Tuesday, June 11, 2013

Review: 'This Is the End', starring Seth Rogen and Jay Baruchel


Movies about the end of the world are a dime a dozen, especially during the summer months. But an apocalyptic comedy that serves as a riotous stoner flick and a scathing satire of Hollywood celebrity self-involvement? Those are extremely rare, and it's even harder to find a film half as laugh out loud funny and inspired as This Is the End.

Audacious would be another word that could be used to describe it, because this is one massive undertaking, and one that almost seemed destined for failure.  Many films packing an arsenal of comic superstars have bombed for one reason or another. Heck, Movie 43 had about three dozen stars and it's an insult to comedy everywhere. This Is the End boasts so much talent that it's tough to believe it's actually happening, even as you're watching practically everybody who ever passed through a Judd Apatow film hanging out playing versions of themselves. Based on the popular trailer for a never-released short by Rogen and Jay Baruchel, it's been expanded to include their Hollywood buddies James Franco, Jonah Hill, Craig Robinson, Danny McBride, Emma Watson, and many more. Whether it's actually true or not, we have this notion that these people are together all of the time, so it feels natural seeing them together. When Michael Cera turns up, you kind of expect it, even if he is playing a sexually deviant creep.
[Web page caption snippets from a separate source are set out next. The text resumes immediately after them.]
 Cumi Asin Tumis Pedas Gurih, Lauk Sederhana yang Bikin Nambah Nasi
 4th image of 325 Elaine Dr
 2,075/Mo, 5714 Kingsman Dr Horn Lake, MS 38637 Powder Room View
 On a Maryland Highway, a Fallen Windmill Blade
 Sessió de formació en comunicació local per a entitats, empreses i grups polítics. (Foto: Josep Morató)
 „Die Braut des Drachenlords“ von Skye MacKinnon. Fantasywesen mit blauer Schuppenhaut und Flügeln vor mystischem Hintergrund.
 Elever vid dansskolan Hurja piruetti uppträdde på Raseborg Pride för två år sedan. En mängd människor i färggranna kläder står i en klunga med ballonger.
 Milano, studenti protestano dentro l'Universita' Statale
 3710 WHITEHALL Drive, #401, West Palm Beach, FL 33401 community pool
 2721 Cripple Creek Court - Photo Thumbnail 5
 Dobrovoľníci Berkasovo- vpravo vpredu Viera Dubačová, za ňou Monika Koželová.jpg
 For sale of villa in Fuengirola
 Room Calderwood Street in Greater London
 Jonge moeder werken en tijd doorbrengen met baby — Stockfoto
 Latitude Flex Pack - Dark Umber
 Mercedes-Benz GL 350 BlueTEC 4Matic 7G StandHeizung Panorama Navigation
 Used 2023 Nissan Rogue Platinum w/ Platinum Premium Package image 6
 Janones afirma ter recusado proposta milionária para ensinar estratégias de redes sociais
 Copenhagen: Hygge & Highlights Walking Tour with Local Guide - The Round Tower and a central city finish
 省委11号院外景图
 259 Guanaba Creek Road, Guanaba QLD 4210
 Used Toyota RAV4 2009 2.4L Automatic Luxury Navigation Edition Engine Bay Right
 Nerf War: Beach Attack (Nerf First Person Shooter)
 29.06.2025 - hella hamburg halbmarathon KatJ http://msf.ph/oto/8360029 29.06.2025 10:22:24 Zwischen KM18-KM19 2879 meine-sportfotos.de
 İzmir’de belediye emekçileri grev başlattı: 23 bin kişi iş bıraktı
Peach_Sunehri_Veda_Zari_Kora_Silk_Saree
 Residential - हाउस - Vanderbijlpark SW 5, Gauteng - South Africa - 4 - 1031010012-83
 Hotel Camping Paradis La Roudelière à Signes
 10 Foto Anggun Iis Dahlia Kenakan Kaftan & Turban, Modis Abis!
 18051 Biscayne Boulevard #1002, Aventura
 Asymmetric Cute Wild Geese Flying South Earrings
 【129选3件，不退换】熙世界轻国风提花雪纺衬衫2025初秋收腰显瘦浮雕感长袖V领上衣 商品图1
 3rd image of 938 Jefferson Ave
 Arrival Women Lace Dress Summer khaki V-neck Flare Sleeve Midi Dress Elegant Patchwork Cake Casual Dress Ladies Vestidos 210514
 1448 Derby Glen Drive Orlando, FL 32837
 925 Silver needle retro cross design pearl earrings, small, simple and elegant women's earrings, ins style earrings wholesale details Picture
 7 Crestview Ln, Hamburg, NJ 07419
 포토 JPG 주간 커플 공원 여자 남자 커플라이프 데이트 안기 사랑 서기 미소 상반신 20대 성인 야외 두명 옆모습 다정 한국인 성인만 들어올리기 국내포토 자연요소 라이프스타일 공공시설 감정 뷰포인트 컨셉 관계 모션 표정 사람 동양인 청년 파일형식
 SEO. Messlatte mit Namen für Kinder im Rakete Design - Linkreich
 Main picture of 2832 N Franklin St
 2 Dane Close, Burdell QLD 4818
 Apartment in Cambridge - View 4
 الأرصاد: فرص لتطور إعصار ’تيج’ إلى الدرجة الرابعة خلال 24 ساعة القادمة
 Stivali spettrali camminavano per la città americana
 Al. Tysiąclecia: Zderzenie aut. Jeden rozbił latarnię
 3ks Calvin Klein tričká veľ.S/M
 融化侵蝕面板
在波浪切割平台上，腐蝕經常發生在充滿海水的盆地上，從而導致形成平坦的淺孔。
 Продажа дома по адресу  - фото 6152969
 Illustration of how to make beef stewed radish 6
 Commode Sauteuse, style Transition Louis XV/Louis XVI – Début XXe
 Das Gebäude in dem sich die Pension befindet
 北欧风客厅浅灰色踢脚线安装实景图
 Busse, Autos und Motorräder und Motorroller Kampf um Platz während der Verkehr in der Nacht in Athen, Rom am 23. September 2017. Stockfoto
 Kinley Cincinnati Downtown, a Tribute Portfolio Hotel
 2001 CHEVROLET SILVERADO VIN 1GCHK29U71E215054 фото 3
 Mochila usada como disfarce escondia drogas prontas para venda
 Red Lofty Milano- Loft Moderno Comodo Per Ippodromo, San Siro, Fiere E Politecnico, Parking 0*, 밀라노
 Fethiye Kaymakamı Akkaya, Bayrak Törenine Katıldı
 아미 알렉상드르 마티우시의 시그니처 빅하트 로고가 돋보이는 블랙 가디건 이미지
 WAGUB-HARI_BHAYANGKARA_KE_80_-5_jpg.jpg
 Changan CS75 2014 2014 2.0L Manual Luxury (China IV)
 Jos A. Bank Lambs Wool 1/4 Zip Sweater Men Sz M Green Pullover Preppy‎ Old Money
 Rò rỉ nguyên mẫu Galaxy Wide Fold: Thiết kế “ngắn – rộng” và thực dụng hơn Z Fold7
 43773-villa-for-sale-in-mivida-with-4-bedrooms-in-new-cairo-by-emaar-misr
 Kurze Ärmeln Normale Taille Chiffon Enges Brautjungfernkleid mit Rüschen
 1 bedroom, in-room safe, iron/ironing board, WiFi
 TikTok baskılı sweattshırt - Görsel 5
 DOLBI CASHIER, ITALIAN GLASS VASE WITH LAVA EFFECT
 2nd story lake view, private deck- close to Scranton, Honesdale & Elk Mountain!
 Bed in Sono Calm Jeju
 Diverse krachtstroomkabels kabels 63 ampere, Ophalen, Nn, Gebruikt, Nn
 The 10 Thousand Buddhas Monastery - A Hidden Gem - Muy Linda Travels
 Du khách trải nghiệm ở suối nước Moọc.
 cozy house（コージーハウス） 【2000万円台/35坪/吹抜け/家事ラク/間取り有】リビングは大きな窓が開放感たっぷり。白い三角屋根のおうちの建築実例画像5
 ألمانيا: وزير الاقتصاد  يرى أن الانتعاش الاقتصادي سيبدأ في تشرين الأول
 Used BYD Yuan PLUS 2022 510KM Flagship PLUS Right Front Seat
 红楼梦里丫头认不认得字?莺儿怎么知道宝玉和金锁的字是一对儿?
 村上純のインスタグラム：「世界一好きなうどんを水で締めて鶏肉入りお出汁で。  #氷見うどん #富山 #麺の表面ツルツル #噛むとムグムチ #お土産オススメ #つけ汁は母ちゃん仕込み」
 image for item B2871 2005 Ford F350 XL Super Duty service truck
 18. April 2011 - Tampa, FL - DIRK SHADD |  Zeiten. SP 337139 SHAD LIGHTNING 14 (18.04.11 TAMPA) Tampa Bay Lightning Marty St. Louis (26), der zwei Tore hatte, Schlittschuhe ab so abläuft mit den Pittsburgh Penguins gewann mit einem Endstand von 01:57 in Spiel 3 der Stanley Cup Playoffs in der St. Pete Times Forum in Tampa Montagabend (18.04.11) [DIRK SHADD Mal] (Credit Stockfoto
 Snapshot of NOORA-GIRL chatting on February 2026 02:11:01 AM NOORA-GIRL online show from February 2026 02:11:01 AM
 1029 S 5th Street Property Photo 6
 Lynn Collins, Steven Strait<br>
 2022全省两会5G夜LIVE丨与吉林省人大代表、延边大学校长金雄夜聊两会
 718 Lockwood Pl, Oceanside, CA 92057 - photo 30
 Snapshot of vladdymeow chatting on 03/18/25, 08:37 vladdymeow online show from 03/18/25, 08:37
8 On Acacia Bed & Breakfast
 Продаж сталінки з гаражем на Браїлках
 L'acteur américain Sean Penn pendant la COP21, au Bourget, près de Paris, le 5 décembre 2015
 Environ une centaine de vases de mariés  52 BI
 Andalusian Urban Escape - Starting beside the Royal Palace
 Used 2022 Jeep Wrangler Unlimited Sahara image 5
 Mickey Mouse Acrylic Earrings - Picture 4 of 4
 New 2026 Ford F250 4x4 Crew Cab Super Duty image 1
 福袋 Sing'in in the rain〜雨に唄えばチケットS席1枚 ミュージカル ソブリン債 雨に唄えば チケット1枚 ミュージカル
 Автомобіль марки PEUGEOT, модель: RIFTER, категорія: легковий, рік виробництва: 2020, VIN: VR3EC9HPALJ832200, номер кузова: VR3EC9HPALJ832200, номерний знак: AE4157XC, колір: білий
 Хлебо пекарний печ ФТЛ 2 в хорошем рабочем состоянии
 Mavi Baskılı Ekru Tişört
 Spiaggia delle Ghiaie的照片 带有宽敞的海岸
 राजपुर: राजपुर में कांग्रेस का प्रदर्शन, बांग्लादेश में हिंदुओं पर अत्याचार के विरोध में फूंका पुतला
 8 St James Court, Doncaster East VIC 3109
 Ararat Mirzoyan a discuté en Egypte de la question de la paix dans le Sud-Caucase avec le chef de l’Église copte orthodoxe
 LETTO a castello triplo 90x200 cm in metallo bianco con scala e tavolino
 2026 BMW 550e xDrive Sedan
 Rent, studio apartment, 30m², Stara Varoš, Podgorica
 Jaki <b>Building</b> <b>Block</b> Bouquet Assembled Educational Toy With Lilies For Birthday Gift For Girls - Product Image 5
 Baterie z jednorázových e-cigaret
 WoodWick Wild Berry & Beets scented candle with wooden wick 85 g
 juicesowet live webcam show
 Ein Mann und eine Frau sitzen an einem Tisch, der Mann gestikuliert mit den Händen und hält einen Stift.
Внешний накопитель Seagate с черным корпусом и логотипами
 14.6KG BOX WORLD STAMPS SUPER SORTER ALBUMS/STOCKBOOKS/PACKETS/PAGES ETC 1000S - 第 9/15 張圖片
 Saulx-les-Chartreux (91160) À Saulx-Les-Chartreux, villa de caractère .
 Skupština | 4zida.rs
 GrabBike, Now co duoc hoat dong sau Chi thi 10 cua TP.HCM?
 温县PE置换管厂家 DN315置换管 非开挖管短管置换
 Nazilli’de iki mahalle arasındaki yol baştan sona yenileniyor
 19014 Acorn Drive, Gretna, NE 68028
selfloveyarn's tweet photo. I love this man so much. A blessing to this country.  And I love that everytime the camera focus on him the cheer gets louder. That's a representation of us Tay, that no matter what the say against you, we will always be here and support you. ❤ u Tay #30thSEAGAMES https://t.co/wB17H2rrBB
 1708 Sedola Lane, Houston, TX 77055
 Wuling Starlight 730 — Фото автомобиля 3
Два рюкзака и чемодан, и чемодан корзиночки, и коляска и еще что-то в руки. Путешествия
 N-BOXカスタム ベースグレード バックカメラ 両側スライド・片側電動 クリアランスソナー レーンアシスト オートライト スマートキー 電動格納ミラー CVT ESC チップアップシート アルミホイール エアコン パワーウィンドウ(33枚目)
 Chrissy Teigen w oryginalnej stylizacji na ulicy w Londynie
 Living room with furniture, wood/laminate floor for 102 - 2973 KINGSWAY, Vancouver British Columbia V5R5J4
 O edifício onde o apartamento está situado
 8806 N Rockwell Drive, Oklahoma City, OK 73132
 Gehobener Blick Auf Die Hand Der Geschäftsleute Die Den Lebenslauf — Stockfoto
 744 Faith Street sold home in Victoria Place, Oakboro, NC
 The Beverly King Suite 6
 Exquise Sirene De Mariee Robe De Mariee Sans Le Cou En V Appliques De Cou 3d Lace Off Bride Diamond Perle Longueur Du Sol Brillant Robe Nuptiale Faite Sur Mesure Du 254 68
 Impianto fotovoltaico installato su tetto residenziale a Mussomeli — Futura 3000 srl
Therein lays the genius that Rogen and his posse are willing to completely play in to our perceptions of them, whether they are real or fabricated. So you've got the totally pretentious and eccentric Franco, who idealizes everything including his crap movies like Flyboys and Your Highness. Rogen is the lovable everyman, Jay Baruchel has an inferiority complex because he's not that famous, and Danny McBride is a total douchebag. An evil douchebag, at that. What passes for a story involves Rogen and Baruchel as best buds, who have grown apart as their careers have gone in different directions. After clowning around and duh, getting high, Rogen drags Baruchel kicking and screaming to a celebrity-packed party at Franco's. The vast majority of the cameos happen here, with some getting more play than others. Cera is probably the biggest stand out, along with Rihanna who doesn't take too kindly to his nerdy aggressiveness, but it's also fun to see lesser known figures like Martin Starr (Rogen's other Freaks and Geeks pal) and Numbers star David Krumholtz. After Baruchel, who has some long-standing beef with Jonah Hill, convinces Rogen to go out and grab some post-weed munchies, all Hell breaks loose when blue beams of light began sucking people into the sky. A massive earthquake rips the ground in half, but this isn't just another California quake. The world is literally coming to an end, and most of the celebs tumble to their doom, although a few (lookin' at you, Craig Robinson!) selfishly sacrifice others to save themselves.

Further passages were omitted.